J.J. Abrams cerraba los últimos segundos de El despertar de la fuerza (2015) con una escena en la que la joven Rey llegaba a la cima de una montaña secreta, donde residía Luke Skywalker, para entregarle a este su legendario sable láser. El plano final de la película era el brazo estirado de esta, esperando que Luke aceptara la oferta. Rian Johnson abre Los últimos Jedi (2017) retomando ese momento, y rematándolo con un chiste: Luke finalmente toma el sable y lo revolea al mar sobre sus hombros sin mirar, desactivando la épica que antecedía a ese instante. Dos años después, superada la mitad de El ascenso de Skywalker, Rey lanza furiosa y desilusionada el sable al fuego, del que aparece un fantasmagórico Luke para evitar el desplante y aleccionarla: “un arma jedi merece un poco más de respeto”, le dice.
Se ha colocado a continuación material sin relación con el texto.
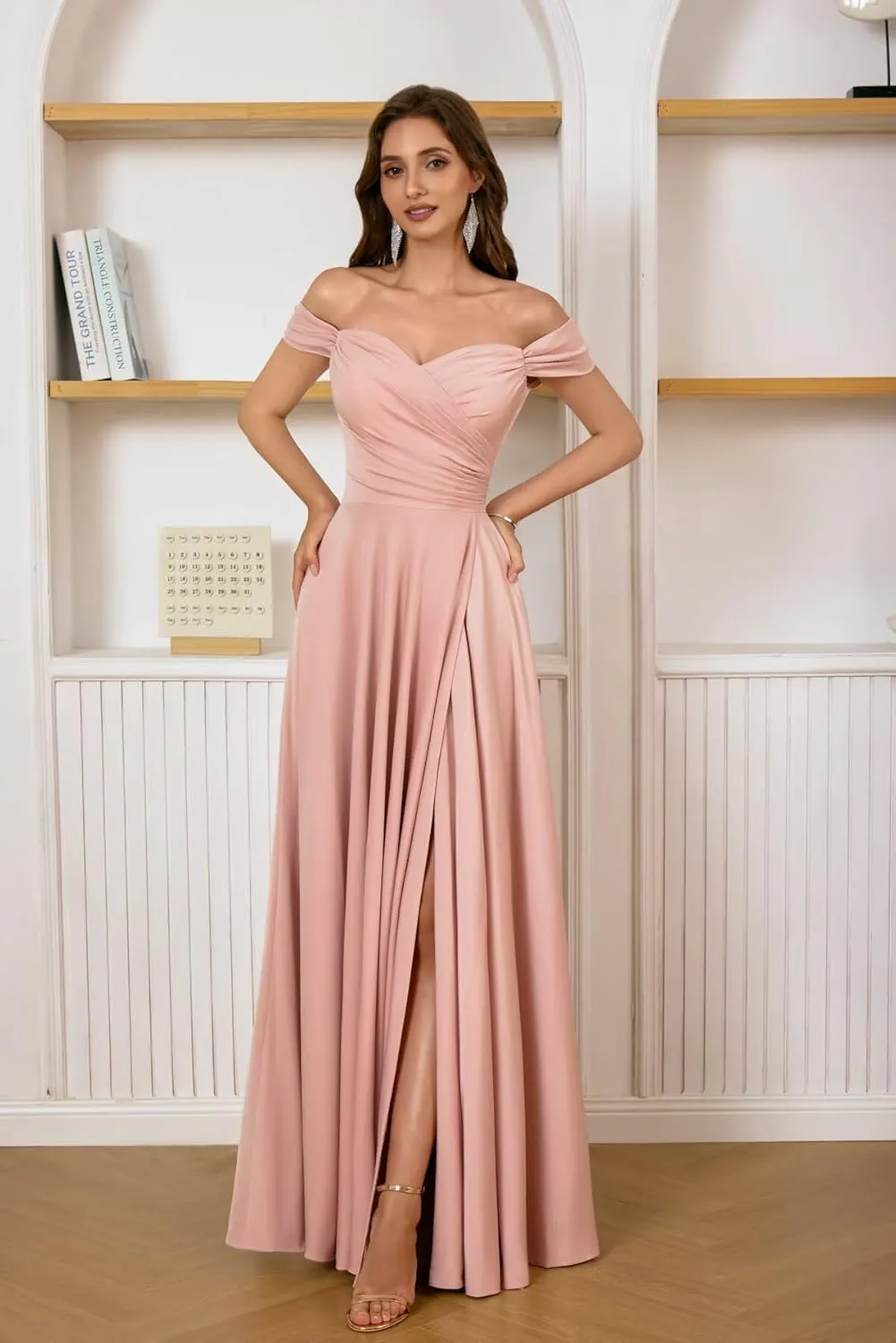 Women's Off The Shoulder Bridemaid Dresses Satin Formal Dress Maxi Evening Gown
Es tentador pensar que se trata del mismísimo Abrams desacreditando el arrojo de Johnson de anular su épica para rematar una broma, poniendo las cosas en su lugar. Quizás haya algo de eso. Porque ahí donde Johnson probaba nuevos caminos y conceptos –lo que hacía de su película un objeto desparejo pero auténtico en su riesgo–, sin apoyarse demasiado en el terreno nostálgico del universo Star Wars, Abrams en la nueva y última entrega de la saga endereza el timón hacia aquello que tan bien le funcionó en la remake solapada del film de George Lucas de 1977: volver a ahondar en la mística, en la iconografía, en la identificación del fan, revisitar ese lugar emocional que el espectador guarda para siempre y que espera una caricia ante cada nueva entrega.
Hay que entender que lo que Abrams tiene entre manos es muy grande: el final de todo; el final de tres trilogías. No era una tarea fácil. Y da la sensación de que el director plantó mojones a los que había que llegar para cerrar ideas y contentar a todos, pero que en la práctica el relato se vuelve difuso, apresurado como para poder desarrollar sus conceptos, los nuevos personajes y terminar de delinear los ya conocidos. En esa reorganización de elementos aparece el viejo emperador Palpatine, que por alguna razón está vivo, y tiene algún tipo de relación con la Primera Orden, una correspondencia que no se entiende del todo pero ahí está. Lo interesante de su aparición es que el fan puede dejar descansar la mueca fastidiosa ante la debilidad de Kylo Ren y sus debates de identidad: ahora hay un malo de verdad, al que hubo que recurrir porque el villano nuevo era una especie de emo inseguro (hay que decir que Rian Johnson le dio un peso mayor al costado oscuro de este y casi que consiguió convencernos de su maldad) que lucha con sus fantasmas internos. De todas maneras, Kylo Ren termina siendo el personaje más complejo e interesante de la trilogía (su relación con Rey expone una química en pantalla que es lo mejor de la película), que quizás necesitaba un poco más de desarrollo.
Entonces hay que derrotar a Palpatine. Para eso hay que encontrarlo. Para eso hay que hallar una especie de pirámide brújula que los guiará hasta él. Para eso hay que recuperar una nave que está en algún planeta. Para llegar a ese planeta hay que… Y así. Los personajes deben emprender un recorrido por distintos planetas, salir airosos de batallas y problemas mientras dejan en el camino voluntades del guion (sin spoilear: deshacer cuestiones que se exhiben como terminantes es trampa, J.J.) Pero también hay que saber quiénes son los padres de Rey y qué pasó con ellos para descubrir el origen y la verdadera identidad de la nueva Jedi. Demasiados ítems, misma responsabilidad.
Es en su último tercio donde El ascenso de Skywalker se propone resolver todas sus demandas y echa mano de todos sus recursos para intentar estar a la altura del mito. Revelaciones, reapariciones, conversiones, autorreferencias (hay planos que reproducen fotogramas que el fan atesora) y una épica estimulada a todo volumen por la música de John Williams, utilizada a repeticiones de los leitmotivs más gancheros, terminan por instalar la sensación de ser testigos de un momento importante de la historia del cine (de hecho lo es: ¡es el final de Star Wars! Al menos hasta que Disney necesite espabilar la marca). Quizás sea así, o quizás sea el efecto shock de esa media hora en la que Abrams nos tira con todo lo que sabe que va a funcionar. En esa confusión entre el corazón contento y el cerebro desconfiado estará el destino de El ascenso de Skywalker. Veremos qué hará la distancia en el tiempo con todo esto.